No entanto, se o diretor falha em trabalhar com uma análise já desgastada, ele obtém sucesso ao mostrar o que os sentimentos de incapacidade e invalidez – esses, sim, temas mais fortes –, aliados à sensação de compromisso e devoção, podem causar a uma relação e ao psicológico de alguém. Apesar da apresentação excessiva e, até certo ponto, sádica dos ataques à garota ser dispensável (entende-se a agitação que isso causou em grande parte do público), o bullying sofrido por Alejandra acaba sendo um pretexto, em sua mente, para que ela se sinta mais capaz de cuidar de seu pai, sendo a única que pode fazer isso, já que a mãe se foi. Omitir as agressões, para Ale, é uma forma de proteger o psicológico evidentemente frágil de Roberto – e, talvez, até de se punir por estar, supostamente, fracassando em amenizar a falta que Lúcia faz para o seu pai. Não que algo assim seja artisticamente admirável, mas, nas mãos de Franco, tal discussão – ou melhor, estudo – se torna bastante pertinente, tangível e, para alguns, chocante (não enxerguei nisso o tom fetichista ou a misoginia de que tanto falam).
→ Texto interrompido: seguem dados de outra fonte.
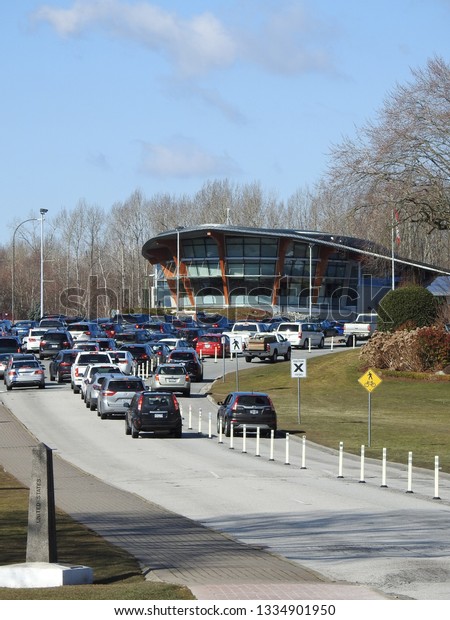 Blaine, WA / USA - 3/9/2019: The border crossing\
between Canada and the US at Blaine, WA and Surry BC. Cars wait in\
line to enter the canadian border patrol headquarters and border\
monument in view.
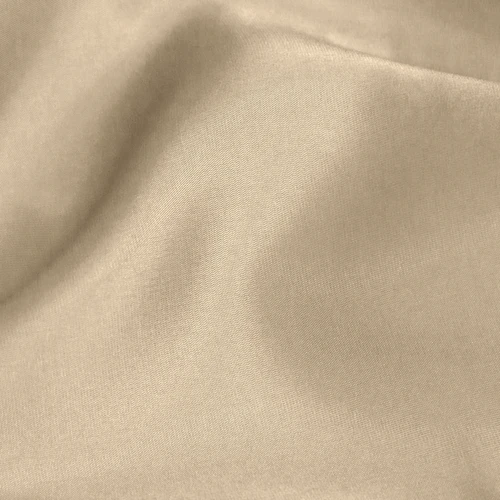 Smooth beige fabric with gentle folds, creating a soft and elegant texture ideal for fashion or home decor.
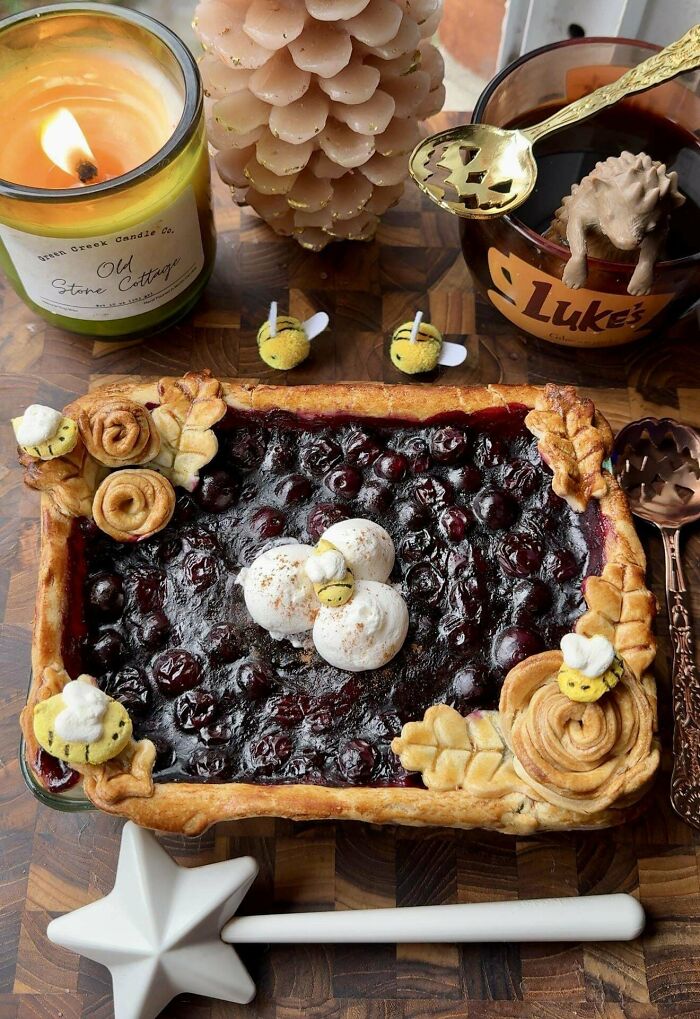Blueberry bake with decorative bee accents and leaf crust details, surrounded by cozy candlelight and festive tableware.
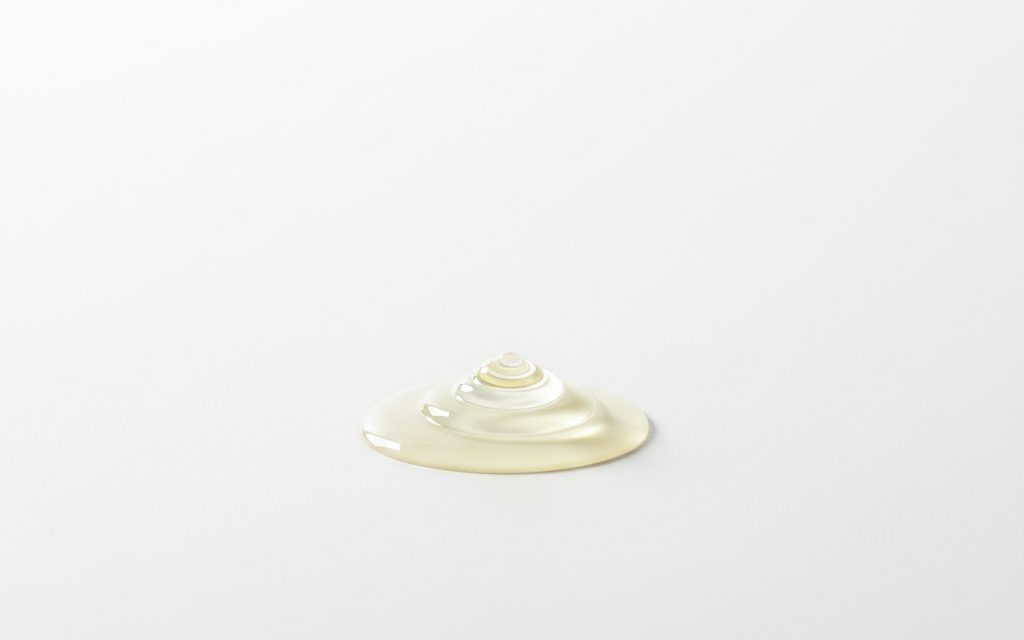 Grade confirmed at quotation — clear to pale yellow, thin aqueous liquid with a mild odor, showing low viscosity and complete solubility in water, studio product photograph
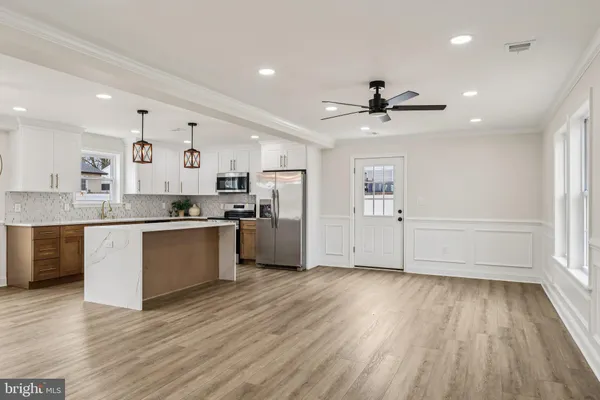 a large kitchen with granite countertop a stove top oven a sink dishwasher and a refrigerator with wooden floor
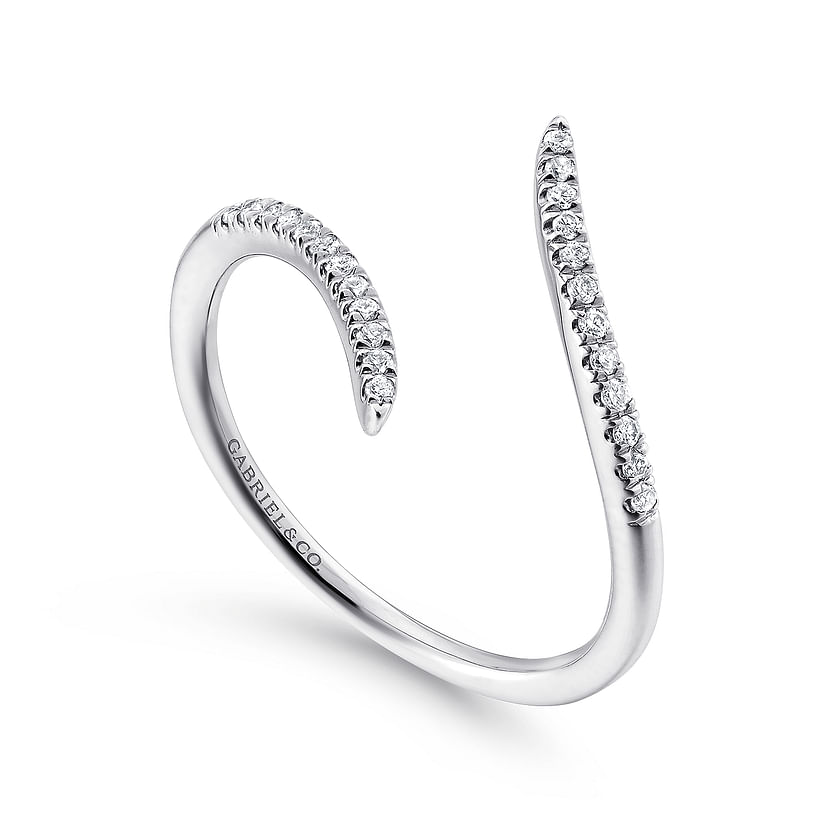 The Gabriel & Co 14K White Gold Bypass Open Diamond Ring features two tapered, diamond-encrusted ends and a sleek, modern design. This minimalist band is from the Kaslique Collection and engraved inside with "CARAT & CO".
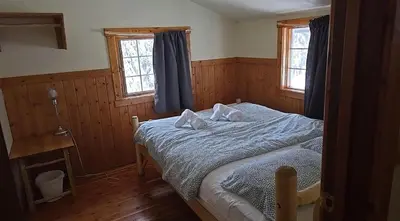 a bedroom with a bed with two pillows on it at Rustic Woodland Cabin at Beaverfoot in Parson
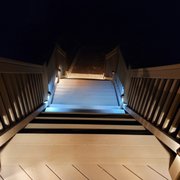 Beautiful lighted stairs by Harmonic Construction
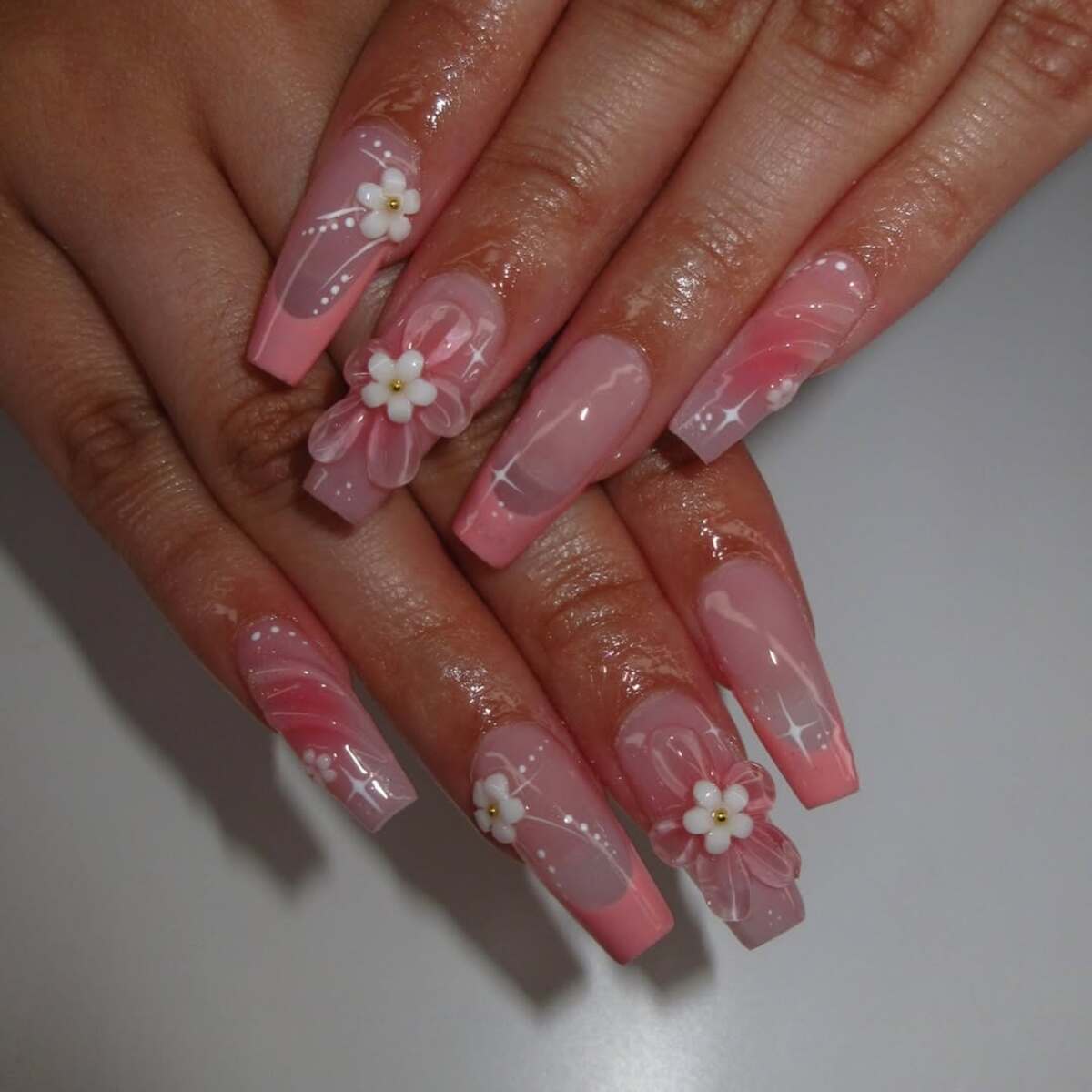 10. Glossy Pink Coffin Nails with 3D Daisy Details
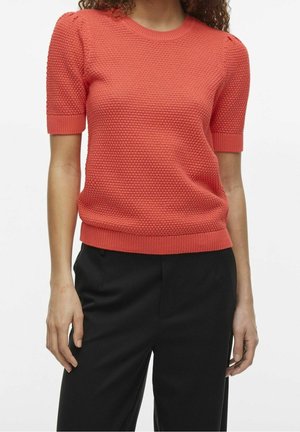 Kobieta ubrana w koralowy, krótki sweter o teksturowanym splocie, w połączeniu z czarnymi spodniami, stojąca na tle jednolitego białego tła.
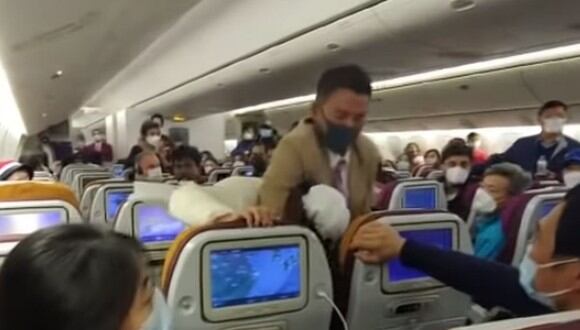 El asistente de vuelo agarró con fuerza a una mujer que había tosido a una azafata. (YouTube: Fugu M)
Nesse aspecto, o filme ganha o suporte do ótimo par protagonista. Tessa Ia, na pele da menina vitimada, convence com seu excelente trabalho, através do uso de expressões sutis e vazias, mas que muito dizem sobre sua fragilidade, tão presente quanto a de seu pai. Já Hernán Mendoza, como Roberto (o ponto mais forte da obra), concede ao seu personagem a expressão, também bastante convincente, de um homem deprimido e sempre abalado, mas instável, algo que se prova no tenso e trágico ato final.
Mesmo não funcionando completamente pelos excessos totalmente dispensáveis do diretor, Depois de Lúcia não é a bomba que muitos têm apontado. A visão que Franco mostrou ter parece ser bastante promissora para seu sucesso no mundo cinematográfico, apesar de seus artifícios supérfluos. É uma obra que falha em alguns aspectos, mas que, como cinema, consegue trabalhar bem seu tema central – a debilitação de uma pessoa em função de uma perda –, esmiuçando seus personagens e suas aflições e sendo, nesse ponto, apoiada por um elenco em plena forma. Já é, de agora, classificada como um grande “ame ou odeie” – mas, talvez, possa sim haver um meio termo.